The Giants (5-2) have won five in a row - the last four were all decided by double digits - and are a victory shy of their longest regular-season win streak since a six-game run in 1993.
Miami (0-7), meanwhile, is off to the worst start in the franchise's 42-year history and has given up a league-high 231 points. No other team has allowed more than 200.
"We can't win in America," defensive end Jason Taylor said. "Maybe we can win overseas."
The Dolphins won the most recent meeting, 23-10 in 2003, but that's the only matchup between these teams since the Giants won 17-7 in 1996.
This trip is little more than what a flight for a game on the West Coast would be, and both teams do get their bye weeks following this contest, but Miami has the bad fortune of this being considered one of its home games.
New York has had no trouble taking care of inferior teams the past few weeks, scoring more than 30 points in relatively easy wins over the New York Jets, Atlanta and San Francisco. The Giants now face a Miami defense which has surrendered 90 points over its last two games.
A win Sunday would put New York at 6-2, the same record it had at the halfway point last season before losing six of its final eight regular-season games.
"I think overall the camaraderie of the team is a lot better," Giants defensive tackle Fred Robbins said. "We are just coming together. There is unity on the team. We understand we've been in this position a couple of times before and we don't want a relapse."
Robbins is part of a defense which has improved significantly since allowing a combined 80 points and 846 yards of offense during the 0-2 start. The Giants have surrendered a total of 69 points - only six offensive touchdowns - during the five-game win streak while holding each of their opponents under 290 total yards.
They have compiled 25 sacks in that span and lead the league with 27, including six in a 33-15 win over the 49ers last Sunday.
"Healthy, we're healthy, that's the difference," said Michael Strahan, who along with defensive end Osi Umenyiora missed a combined 16 games last season. "That is going to be the key for us going forward."
The Dolphins are far from healthy.
Last week's 49-28 home loss to the Patriots saw Miami lose top rusher Ronnie Brown and starting safety Renaldo Hill for the season to torn ACLs. The team already lost quarterback Trent Green (concussion) and safety Yeremiah Bell (Achilles') to season-ending injuries. Linebacker Zach Thomas might not make the trip to London because he was in a minor car accident after last Sunday's defeat.

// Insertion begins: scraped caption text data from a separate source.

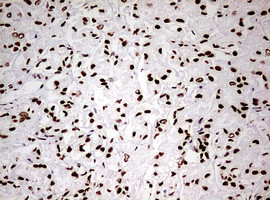 HNRNPM Antibody in Immunohistochemistry (Paraffin) (IHC (P))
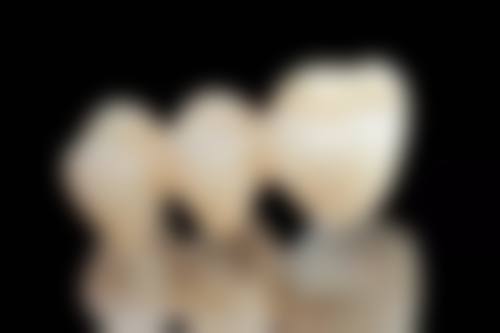 地包天矫正牙齿的至佳年龄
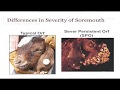 Orf Disease In Goats Treatment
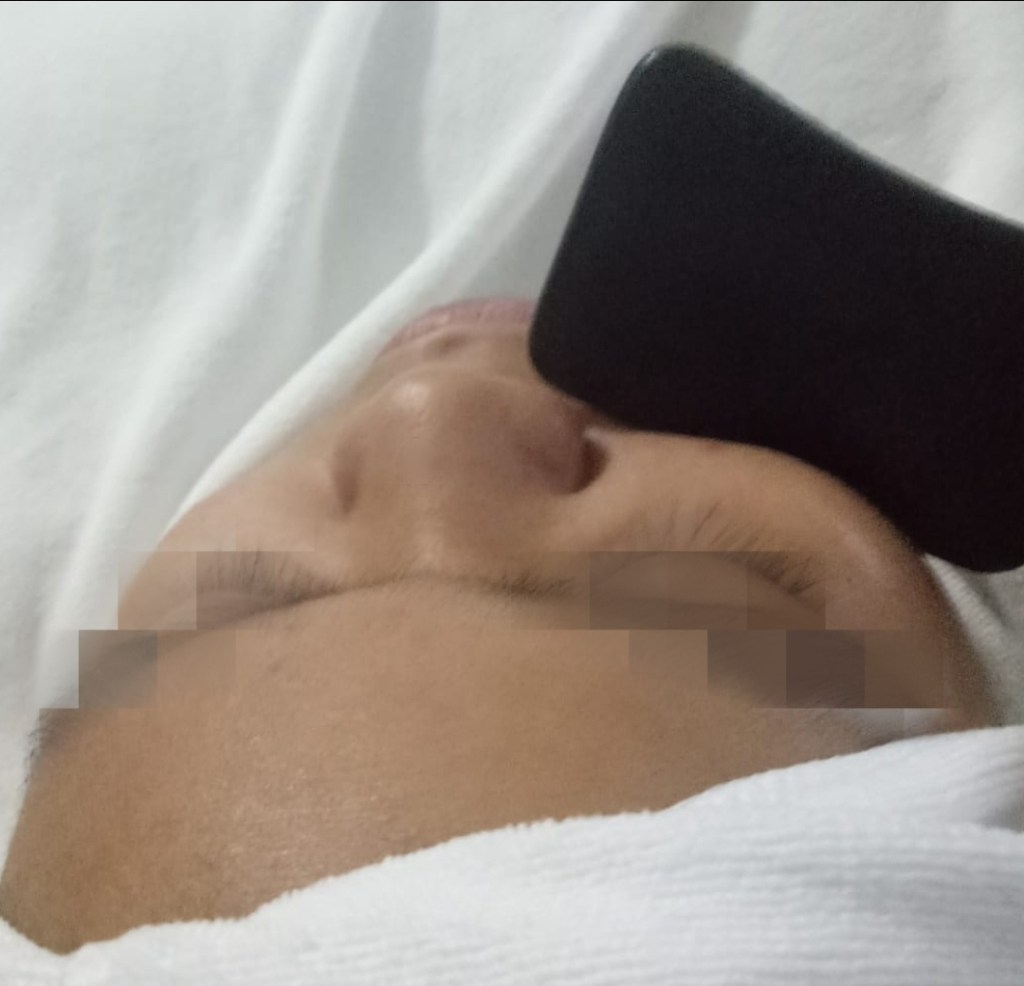 muslimah facial Singapore acne jeragat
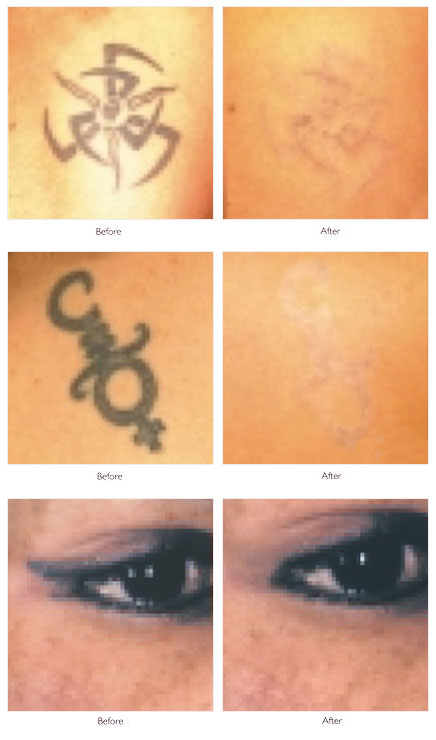 Tattoo Removal, Laser Tattoo Removal &amp; Treatment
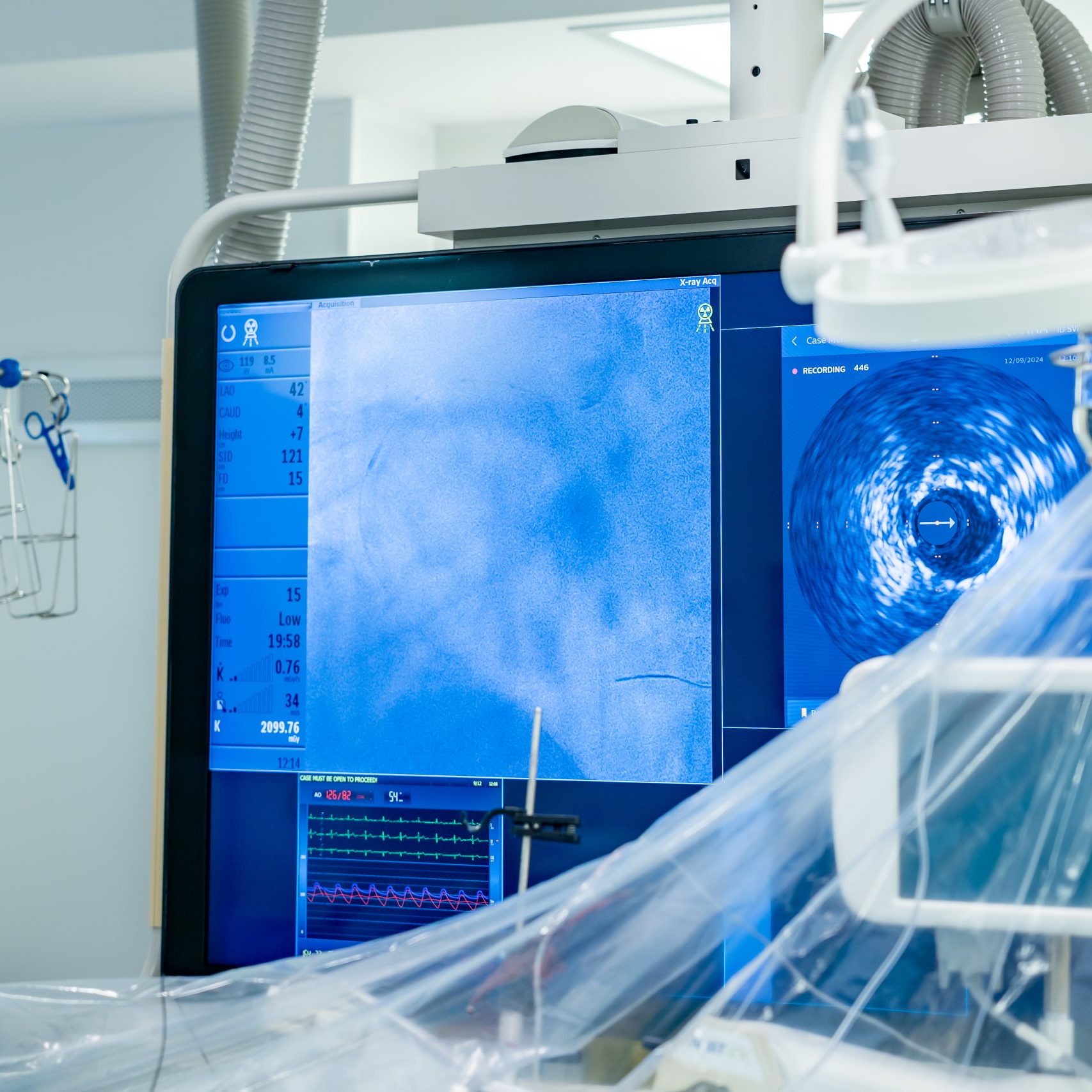 Анастасия Ракова рассказала о внедрении новой технологии для точной визуализации сосудов в Москве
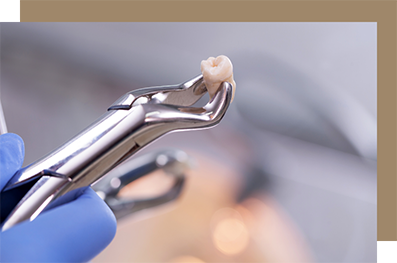 Forceps holding an extracted tooth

The departure of Brown may be the biggest loss yet. He leads the league with 991 yards from scrimmage, ranks fourth with 602 rushing yards and had scored five touchdowns.
Jesse Chatman should see the bulk of the carries in Brown's place, though Patrick Cobbs and Lorenzo Booker could get some as well.
"You don't replace a Ronnie Brown," Dolphins coach Cam Cameron said. "But you say, 'These are the guys we have. How do we maximize the guys we have? Who are our best 11?'"
Cleo Lemon has started the last two games for Green and has had his moments, throwing for 492 yards and two touchdowns, but he's also thrown three interceptions and been sacked five times.
Manning also makes his share of mistakes - he's had at least one interception in every game - but has been fairly steady. He's thrown for two touchdown passes in three straight games.
He's backed by a running game which has been solid regardless of who gets most of the carries. Lately it's been Brandon Jacobs, who has rushed for 293 yards and two touchdowns on 51 attempts in three games since returning from a knee injury. Derrick Ward played well while Jacobs was sidelined and still ranks among the NFL's top 20 rushers with 448 yards despite getting only 15 carries over the last two weeks.
"Guys are more responsive to each other," Giants guard Grey Ruegamer said. "I think the team is a little closer than it was a year ago and guys are responding to that. We're 5-2. We like winning and we like the feeling."